# 3" or 4" pipes for vertical NFT system?



## zem (Aug 22, 2011)

so i'm planning a simple vertical NFT system with pipes standing like columns and i'm unsure wether to get 3" or 4" pipes. i'm thinking that 3" maybe better to cover the roots with water droplets but i'm worried that it might be too small to fit the rootballs?


----------



## hollywood52 (Aug 22, 2011)

man i run aero but as far as pvc pipes i would say 2 inch netpot need  4" pvc netpot bigger then that need 6"


----------



## The Hemp Goddess (Aug 22, 2011)

I seriously considered building one of these one time.  I decided that anything smaller than 6" pipe would be too small.

I'm with Hollywood on the pot to pipe size.  And a 2" pot is awfully small.  They are not capable of holding a plant of much size.


----------



## 4u2sm0ke (Aug 22, 2011)

sorry Im no help..But wanted to say....


take  care and be safe
:48:


----------



## faderharley (Aug 22, 2011)

The Hemp Goddess said:
			
		

> I seriously considered building one of these one time. I decided that anything smaller than 6" pipe would be too small.
> 
> I'm with Hollywood on the pot to pipe size. And a 2" pot is awfully small. They are not capable of holding a plant of much size.


 
I agree 100%, my last aero-hydro grow I used a longer tote box that was only 7"  deep.... the net-pods were 3" in diameter and I did not have any root issues, but I believe the bigger the roots, the bigger the yield.... I even was successful on the re-grow using the same tote grow-box.... the re-grow was nearly effortless due to a well establish root system.... I also rinsed my roots every 7-10 days, I'd let them rinse in fresh distilled water for 48 hours before adding fertilizer, nutrients and any supplement like CalMag+.....


----------



## The Hemp Goddess (Aug 22, 2011)

I like to give my roots a nice rinse with fresh water, too when I can.  I generally just run some room temp water over them for a few minutes when I do a rez change


----------



## zem (Aug 22, 2011)

The Hemp Goddess said:
			
		

> I seriously considered building one of these one time. I decided that anything smaller than 6" pipe would be too small.
> 
> I'm with Hollywood on the pot to pipe size. And a 2" pot is awfully small. They are not capable of holding a plant of much size.

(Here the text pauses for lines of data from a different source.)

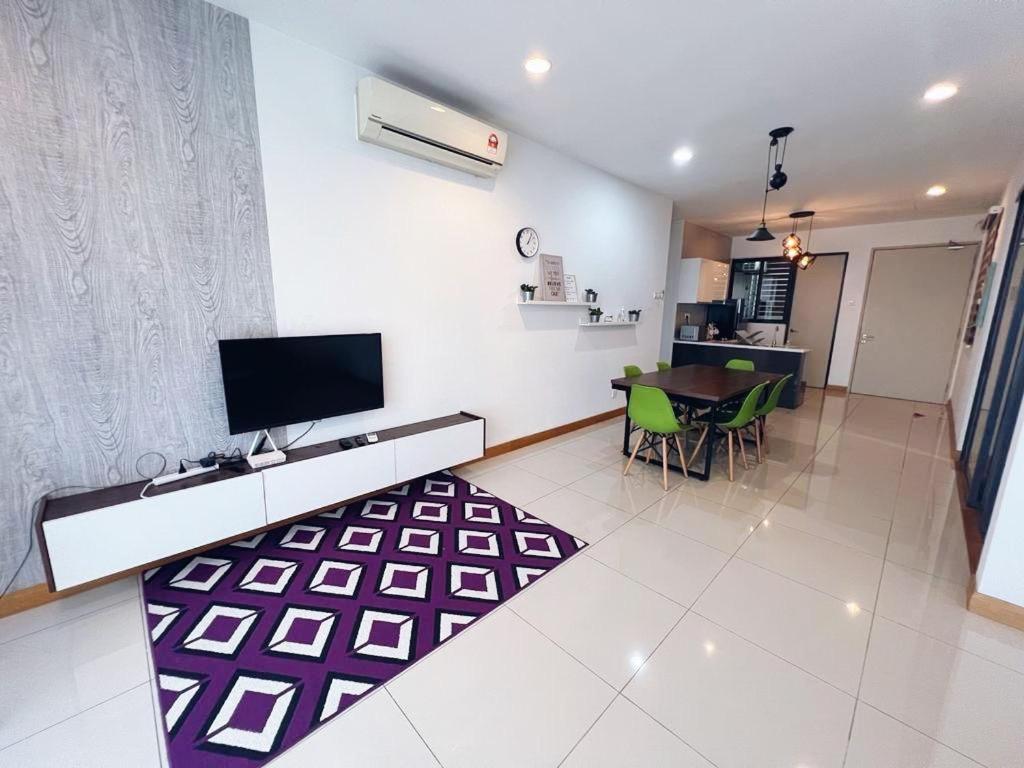 Connected Train 3 Bedrooms - Above Klgateway Mall 14 Kuala Lumpur Exterior photo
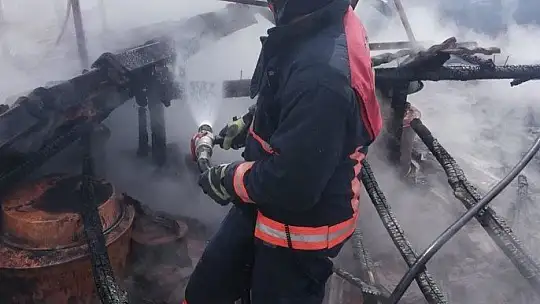 Çatı Yangını Korkuttu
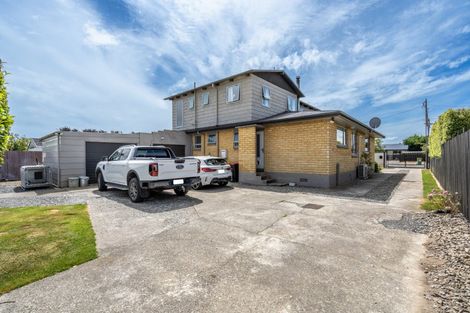Photo of property in 82 Dalwharn Street, Wallacetown, 9816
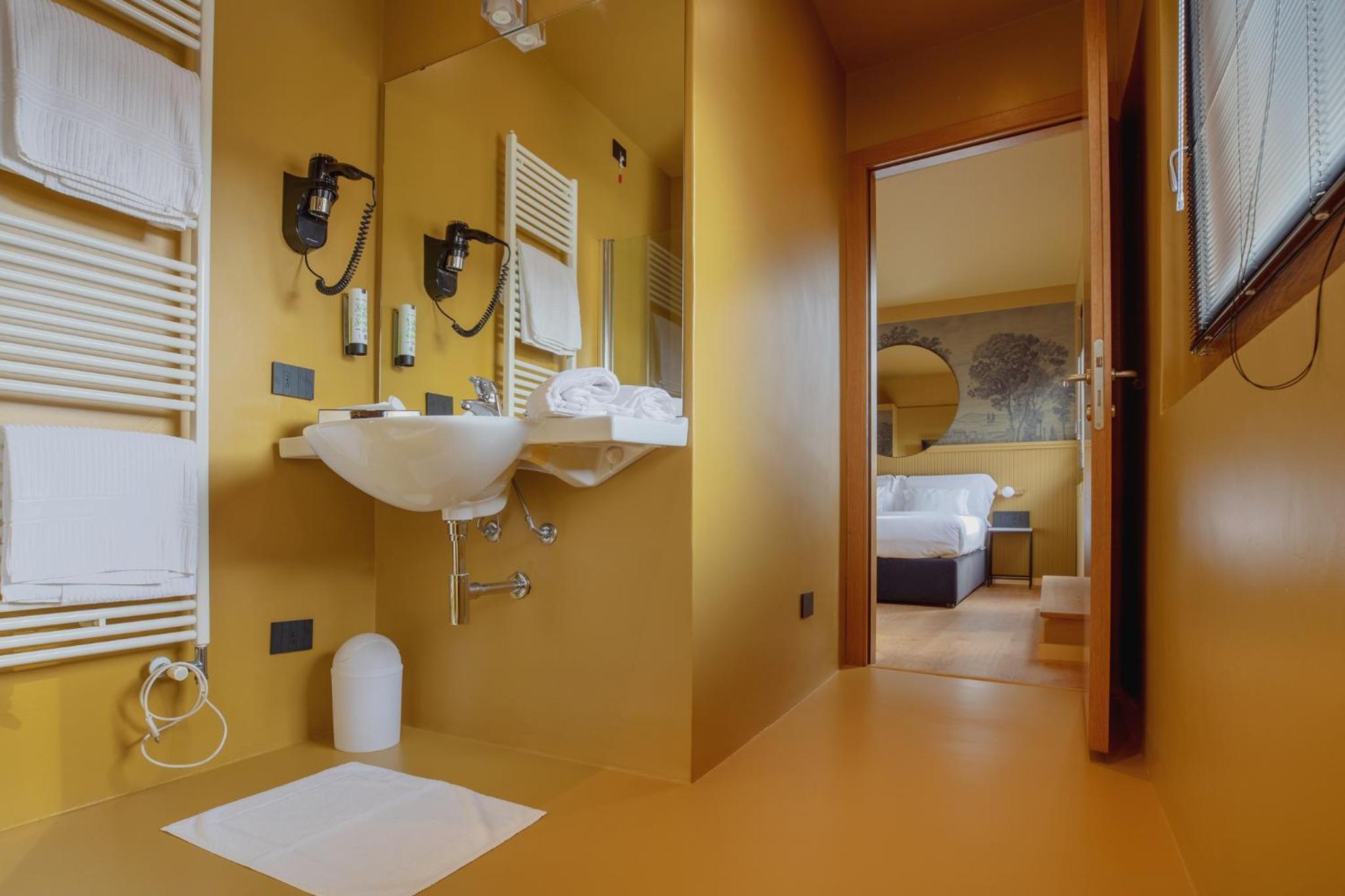 Double Room - Photo 21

why didn't you build it eventually? i have seen big plants in 2" netpots they just break through the plastic holes and tear it up. anyway i plan on using floral foam cubes stuff them in holes. i think i'll go with 4", i'm also considering wire covers, there are some big ones i think they might work


----------



## hollywood52 (Aug 22, 2011)

zem its not just net pot i start flower from cutting in 4" tube 2in net pot at the end of cycle those 4" tube full i mean FULL of roots..not to say you cant root prun


----------



## The Hemp Goddess (Aug 22, 2011)

zem said:
			
		

> why didn't you build it eventually? i have seen big plants in 2" netpots they just break through the plastic holes and tear it up. anyway i plan on using floral foam cubes stuff them in holes. i think i'll go with 4", i'm also considering wire covers, there are some big ones i think they might work



A couple of resons.  First I like to run a perpetual harvest and I have plants of all different sizes and ages in my flowering room.  Second, six inch pipe and fittings are kind of expensive.  And I was just worried about there being enough room for roots and problems with clogging.  I can get HUGE root balls in my 5 gal buckets--they can take up almost 1/2 the bucket.

I did also consider a system where the pipes were vertical and tied together like a normal recirculating system.  As I remember it was some kind of drip with a DWC set up or a flood and drain set up.  I figured that this would give the roots much more room.  But ultimately that was really quite similar to a bucket recirc system, so I didn't bother with that either.

The problem with small pots is not that the roots don't have room to grow, it is that the small pots cannot support a plant of any size and they tend to fall over.  

I believe that floral foam cubes will hold far too much water for your purposes and I do not believe they will stay in the hole and hold the plant.  If you put wire over them, I see the floral foam possibly falling into the pipe from the weight of the plant and roots.  I do not know of anyone using floral foam in hydro and I have to believe that there is most likely a good reason.


----------



## zem (Aug 23, 2011)

floral foam is the same as oasis cubes used in hydro lettuce growing. the reason why i'm planning to use them is because they're very easy and effective to clone in, i just soak them and plug in the clone, it roots real fast and can be squeezed into a hole. it carries the weight of a whole fully grown lettuce head with the weight horizontally pushing on the hole and it doeasnt fall. it does hold too much water when soaked but the cubes i will use will be too small, i don't think they will drown my plants, since the roots will be suspended in the air.
all i will need to buy is the pipe or the plastic wire cover, i don't have to buy any fittings, the system i am planning is quite simple and cheap. if i can find the right size wire covers, it will be the cheapest. i will tie each plant with a round loop above the hole, it will serve to train the plant vertically and to keep the plant in place  i will try it, as i still see no reason why it would not work. will go with 4", i don't plan to grow huge plants in the system, more of a SOG system with 16 plants and a 400w... wish me luck  cheers


----------



## hollywood52 (Aug 23, 2011)

im with thg on the floral foam . imo rapid rooter work well but regardless good luck zem always nice to see somebody attacking a new project


----------